But I, O Lord, cry to you; in the morning, my prayer comes before you. O Lord, why do you cast my soul away? Why do you hide your face from me? (Psalm 88:13–14, ESV)
I grew up in New York from junior high through grad school. Christmas in NYC is magical. Some of my best memories come from there. However, two of my top three “cries of darkness” also come from when I lived there. My pastor in NYC, Tim Keller, preached a sermon on “Heman’s Cry of Darkness” from Psalm 88 that helps me still today.
Most Psalms of Lament end in hope. Psalms 39 and 88 are the exceptions. In fact, the last word of Psalm 88 is “darkness.” Heman, the author of Psalm 88, demolishes any naïve notion of prosperity theology. As a devout God-follower, he’s taking off the gloves and giving God his honest thoughts and feelings about his experience of darkness.
This Christmas, many will not sing “Joy to the World” with happiness but will deal with one or both of Heman’s “darknesses”: (1) outward darkness, due to difficult circumstances or (2) inward darkness, due to having no sense of God’s presence. If you are experiencing the “cry of darkness” this Christmas, I’d like to pass on Keller’s four points and the true hope of Christmas:
Times of darkness . . .
1) can last a long time, no matter what you do;
2) are often the places to uniquely learn about God’s grace;
3) can sometimes be the very best situation for you to grow into greatness;
4) can be reframed to lead us to deeper and more significant spiritual realities.
Matthew 27:45–46 reports the ultimate darkness of all time.
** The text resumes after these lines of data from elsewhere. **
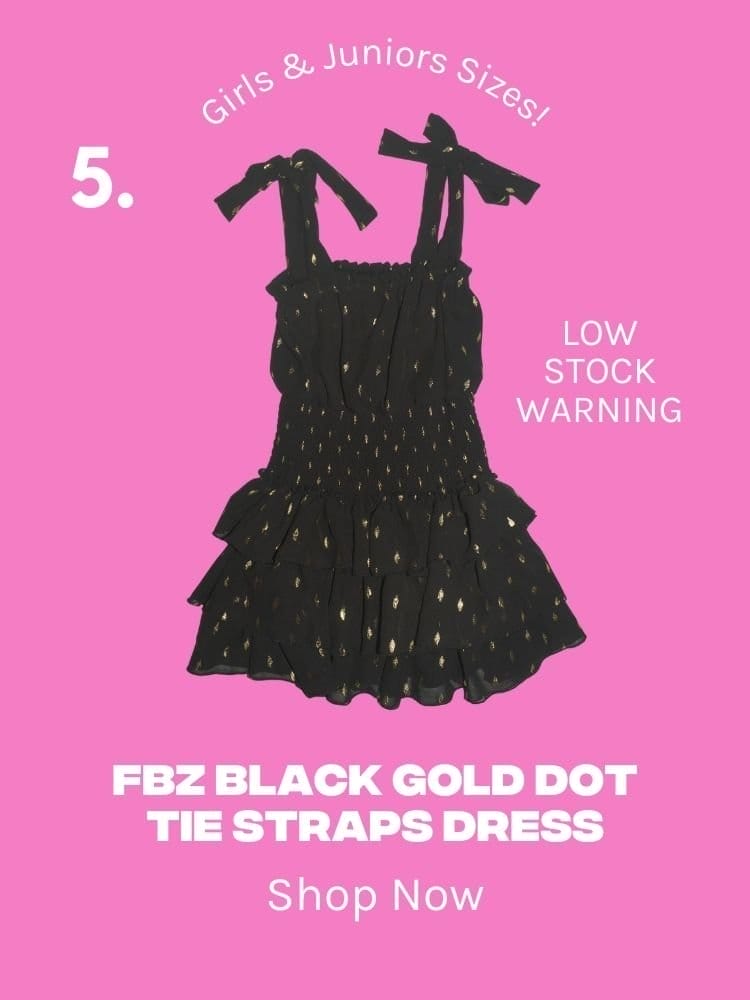 FBZ Black Gold Dot Tie Straps Dress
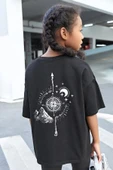 Çocuk Pusula Baskılı Pamuklu Tshirt - 1
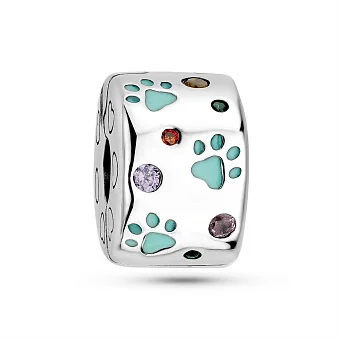 Серебряный шарм с эмалью и фианитами (арт. 7903/4352ег)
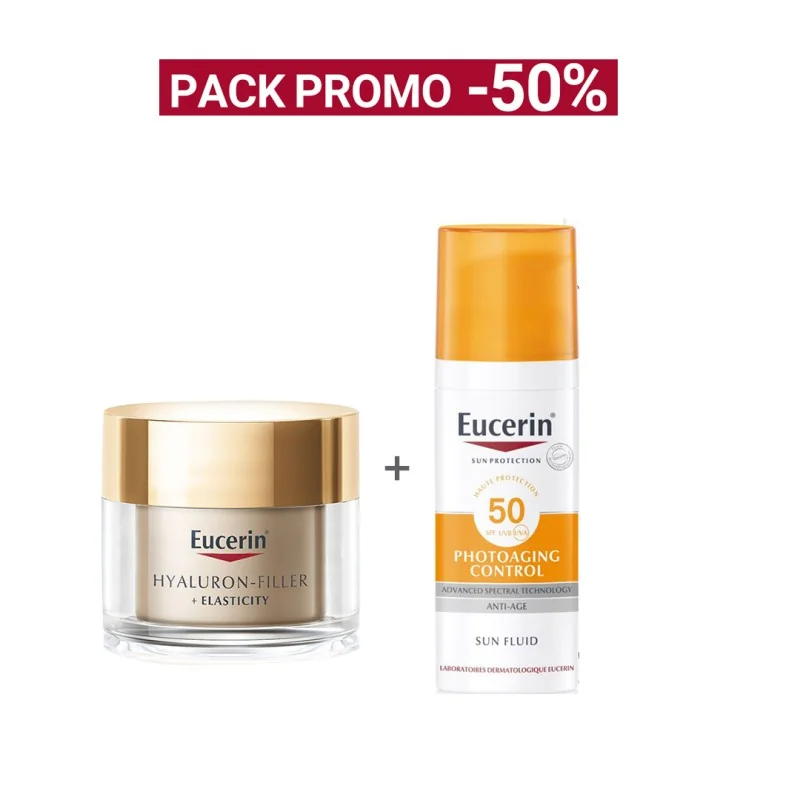 EUCERIN PACK PROMO HYALURON-FILLER +ELASTICITY NUIT 50ML + SUN FLUIDE ANTI-ÂGE SPF 50+ – 50ML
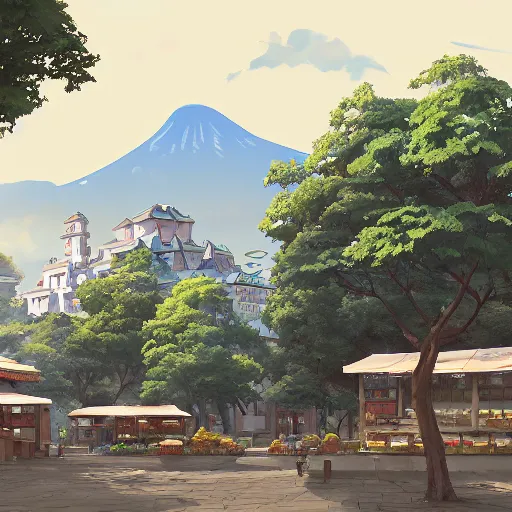 Image similar to concept art painting of a historic bakery with european and japanese architecture, surrounded by trees and mountains, realistic, detailed, cel shaded, in the style of makoto shinkai and greg rutkowski and james gurney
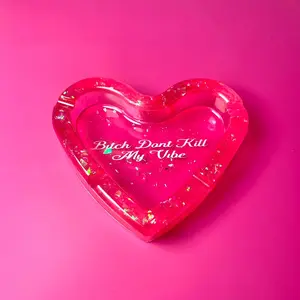 Pink Heart Shaped Ashtray Don’t Kill My Vibe Ashtray Tabacco Cigar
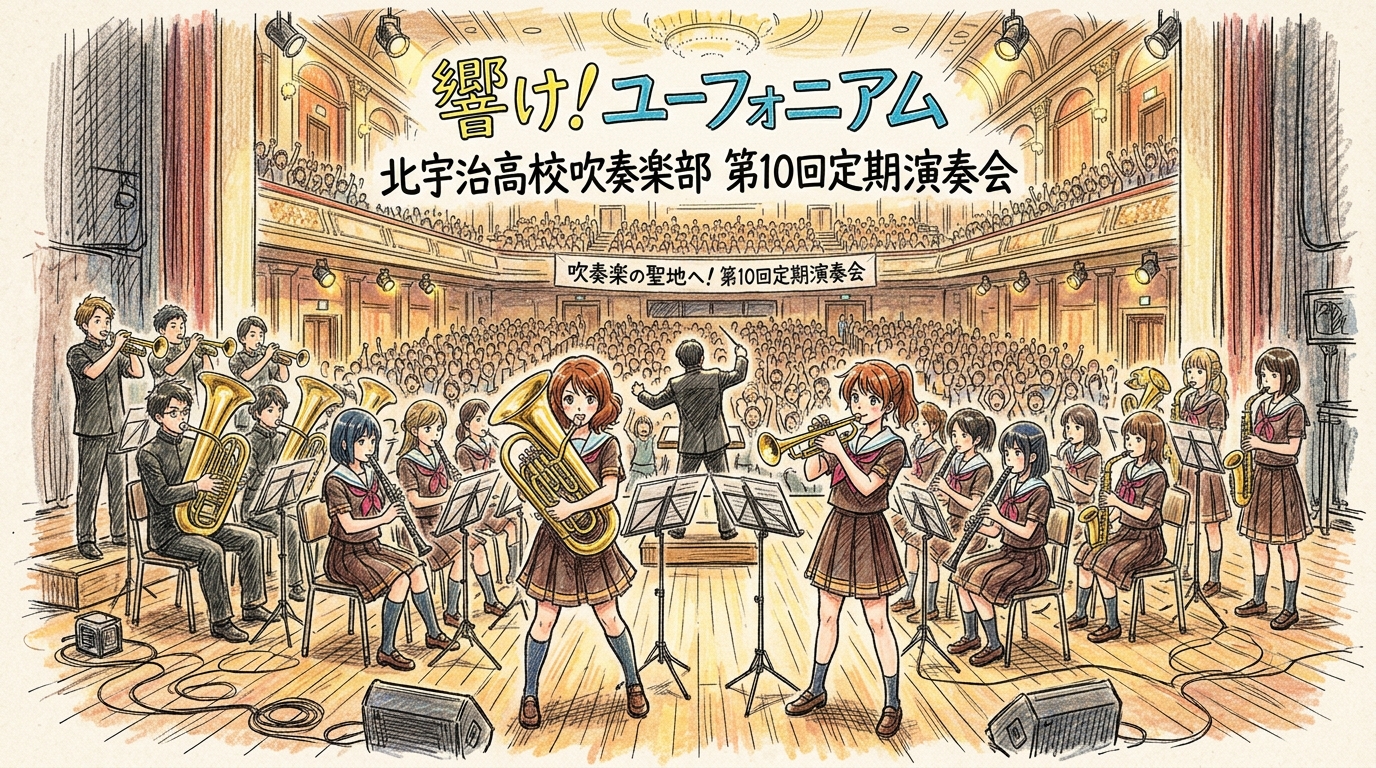 響け！ユーフォニアム 吹奏楽コンサート 北宇治高校吹奏楽部 第10回定期演奏会のスケジュール・キャパ・ホテル予約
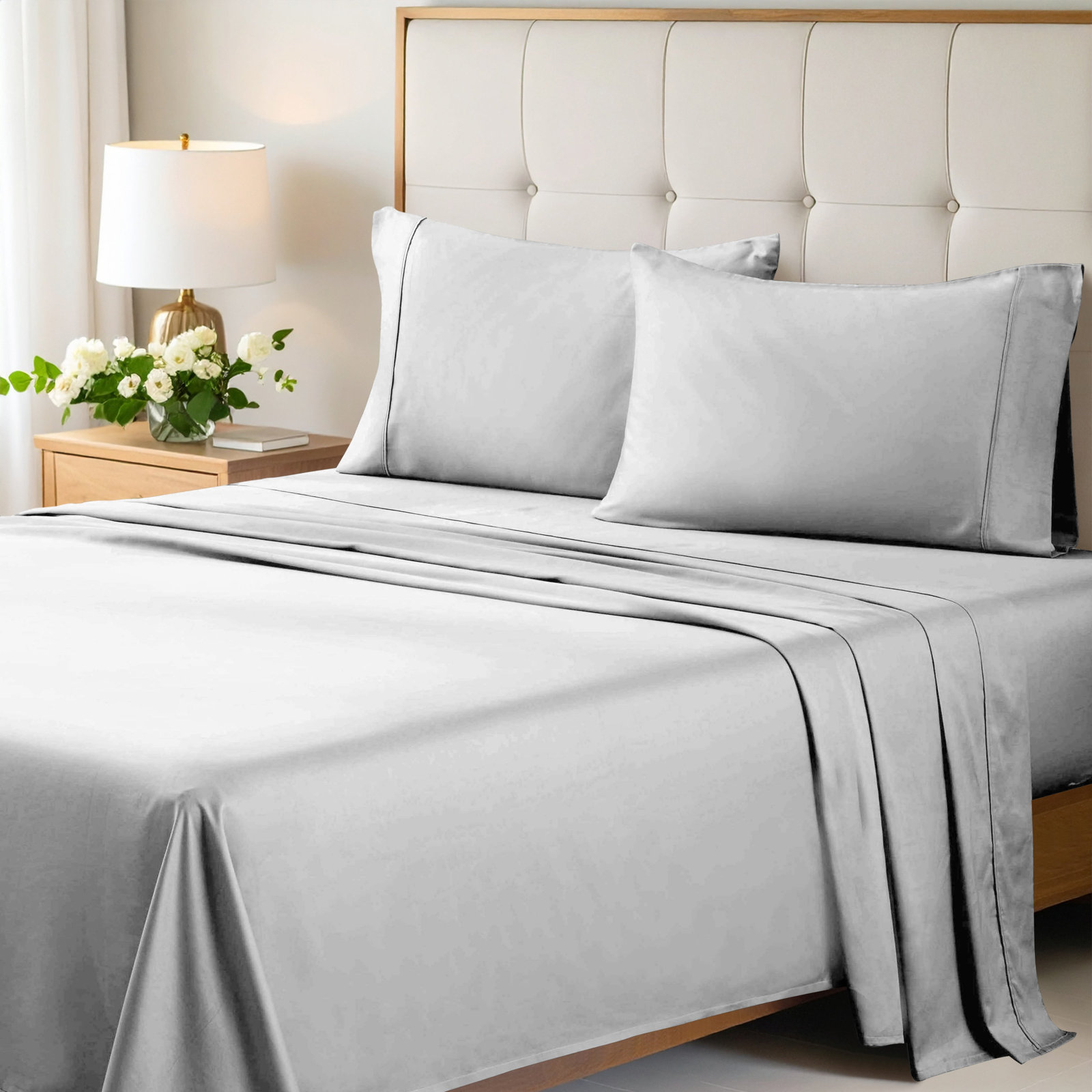 Cotton Sheet Set, Full, Chrome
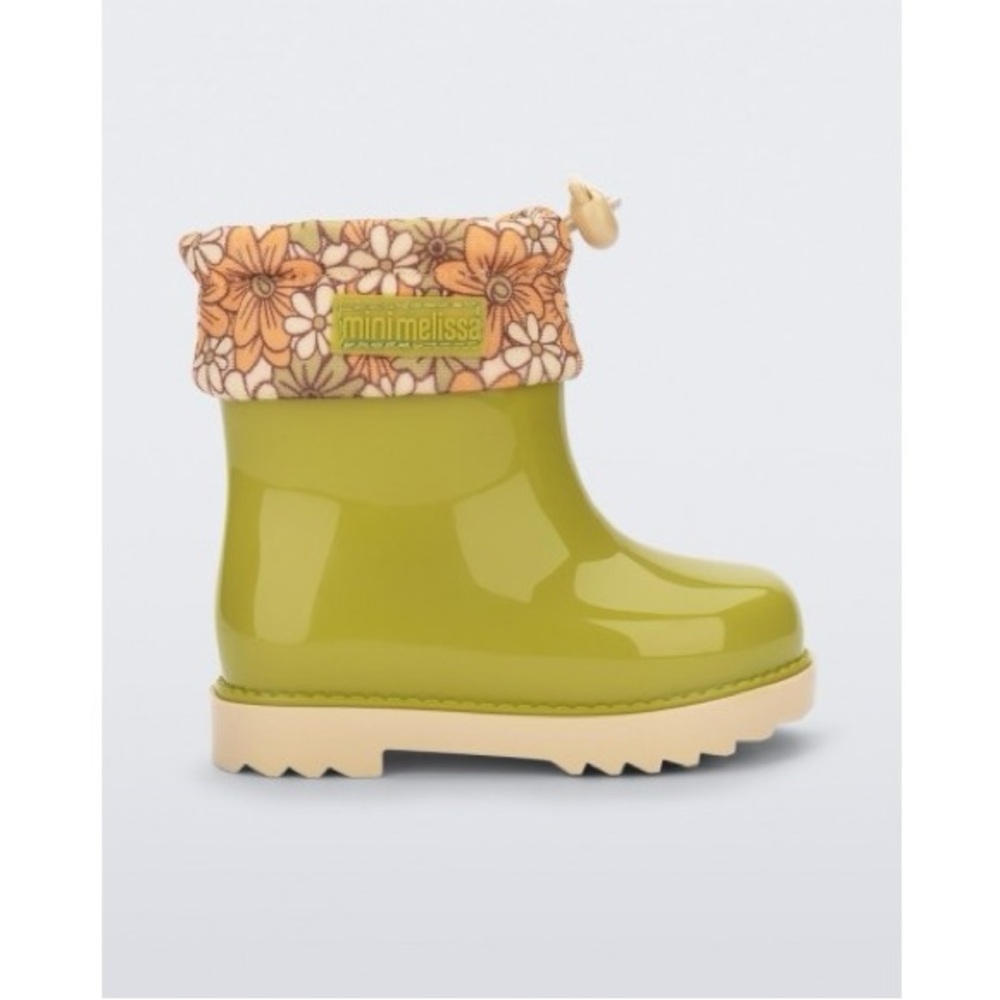 Mini Melissa Kids Olive Green Boots with Floral Cuff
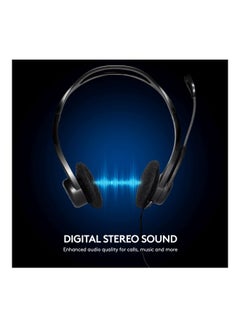 Logitech 960 Wired Headset, Stereo Headphones With Noise-Cancelling Microphone, USB, Lightweight, In-Line Controls, PC/Mac/Laptop Black  - Image 2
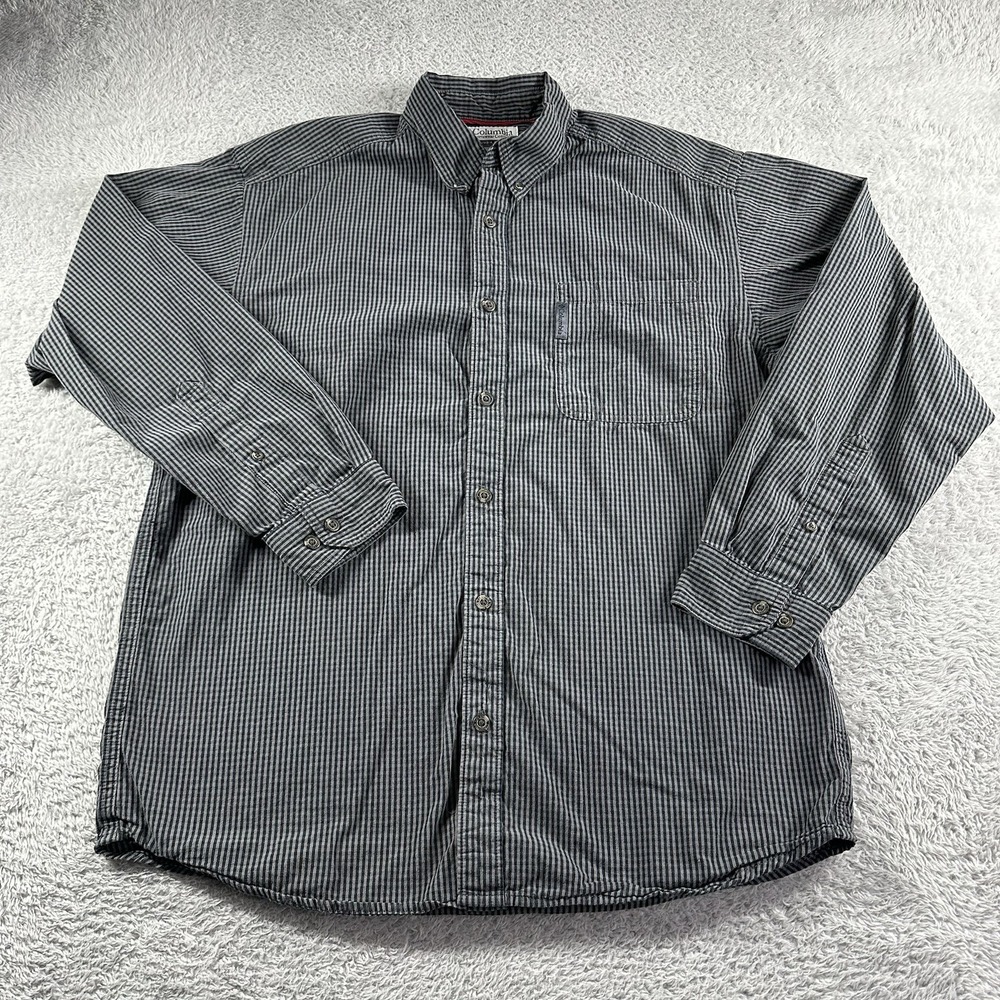 Columbia Shirt Mens Medium Button Up Gray Gingham Check Plaid Pattern Minimalist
At the ninth hour, Jesus cries out from the cross, “My God, my God, why have you forsaken me?”
At Christmas, we celebrate that Christ came into our time and space, fully God and fully man, to take on the ultimate darkness of all time, demonstrating sacrificial, redemptive love for hopeless humankind.
In your darkest moments, remember Christmas and then remember the cross. If Jesus did not abandon us in His ultimate darkness, why would He abandon you in your darkness?